Milli Güvenlik Kurulu (MGK), Cumhurbaşkanı Recep Tayyip Erdoğan başkanlığında toplandı. Kurulun, Çankaya Köşkü’ndeki Ekim ayı olağan toplantısı saat 14.25’te başladı. Toplantıya, 10 Ağustos’ta Türkiye Cumhuriyeti Cumhurbaşkanı seçilen Erdoğan ilk kez başkanlık etti.
Toplantı yaklaşık 10 saat 20 dakikalık süresiyle 28 Şubat 1997 yılında yapılan ve 9 saat süren MGK toplantısını geçerek Türkiye Cumhuriyeti tarihinin en uzun MGK’sı olarak tarihe geçti. Ahmet Davutoğlu’nun ilk defa başbakan sıfatıyla katıldığı toplantı, Başbakan Yardımcıları Numan Kurtulmuş ve Yalçın Akdoğan ile Dışişleri Bakanı Mevlüt Çavuşoğlu’nun da ilk MGK’sı oldu. Toplantı sonrası bir bildiri yayımlandı.
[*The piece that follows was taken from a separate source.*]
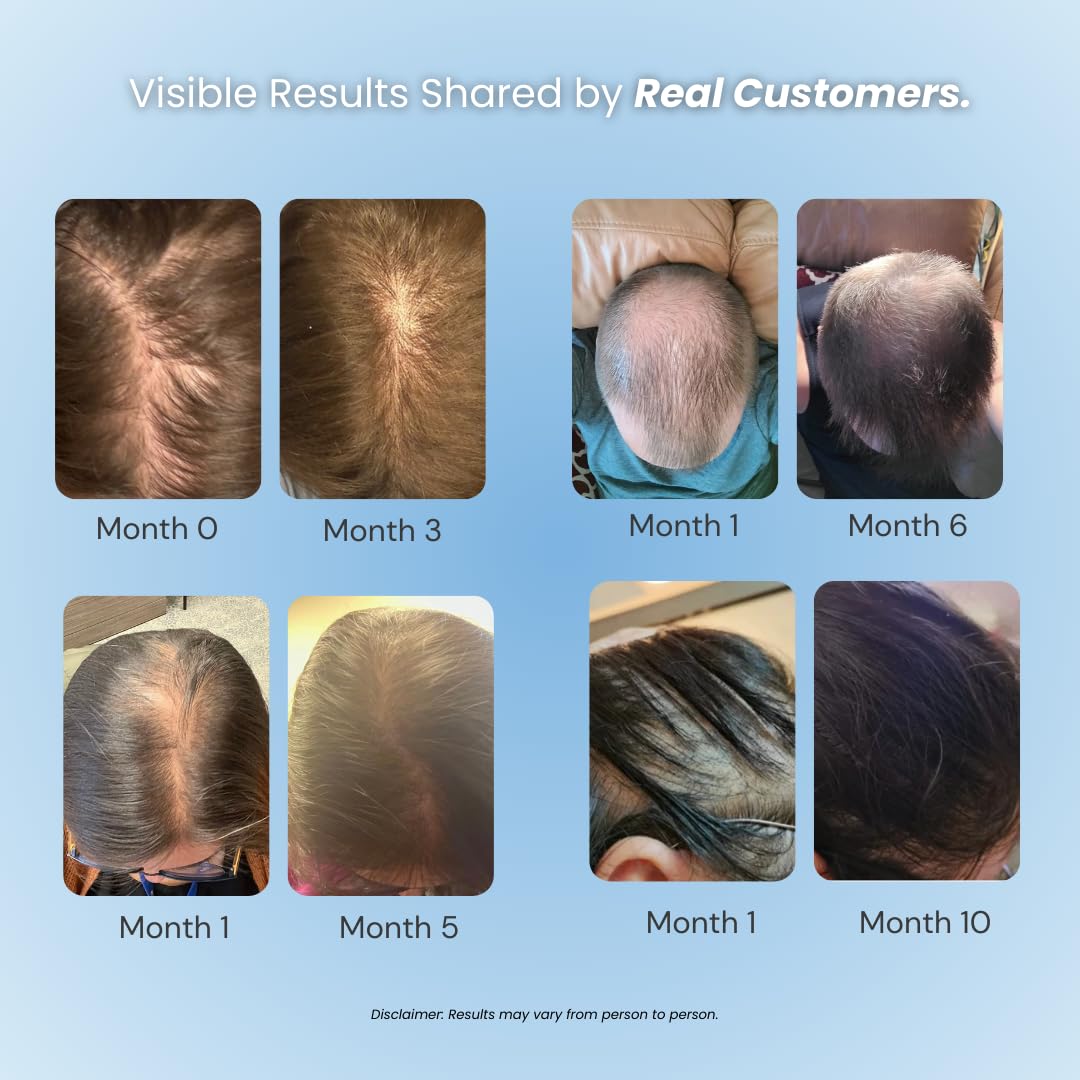 Vitafoam 5% Minoxidil Foam for Hair Regrowth | DHT Blocking, Non-Greasy, Fast-Drying Formula for Men & Women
Daha önceki bildirilerde “ulusal güvenliği tehdit edilen yapılanmalar” ifadesi kullanılırken bu MGK’da ilk kez “paralel yapılanmalar” ifadesine yer verildi. Söz konusu yapıyla mücadelenin “kararlılıkla” süreceği vurgulanırken, “Ülkemizin güvenliği, halkımızın huzuru ve kamu düzenini ilgilendiren hususlar ayrıntılı olarak görüşülmüştür. Bu kapsamda milli güvenliğimizi tehdit eden ve kamu düzenini bozan iç ve dış legal görünüm altında illegal faaliyet yürüten paralel yapılanmalar ve illegal oluşumlarla yürütülen mücadelenin kararlılıkla sürdürüleceği vurgulanmıştır” denildi. MGK’da öne çıkan bir diğer başlık da çözüm süreci oldu. Son dönemdeki şiddet ve terör olaylarına değinilen açıklamada şu ifadelere yer verildi:
“Terörle çok boyutlu mücadele kapsamında sürdürülen çözüm süreci ele alınmış, sürecin oluşturduğu olumlu atmosferi ve huzur ortamını bozmaya yönelik provokatif olaylara karşı kamu düzeni ve güvenliğini koruma konusundaki kararlılık teyit edilmiştir.” Bildiride diğer konu başlıklarına yönelik ifadeler ise şu şekilde: “Suriye’de dördüncü yılını tamamlamak üzere olan çatışma ortamının ülkemizin ve bölgemizin güvenlik ve istikrarına yönelik yansımaları, bu konudaki bölgesel ve uluslararası yaşanan son gelişmeleri de içerecek şekilde müzakere edilmiştir.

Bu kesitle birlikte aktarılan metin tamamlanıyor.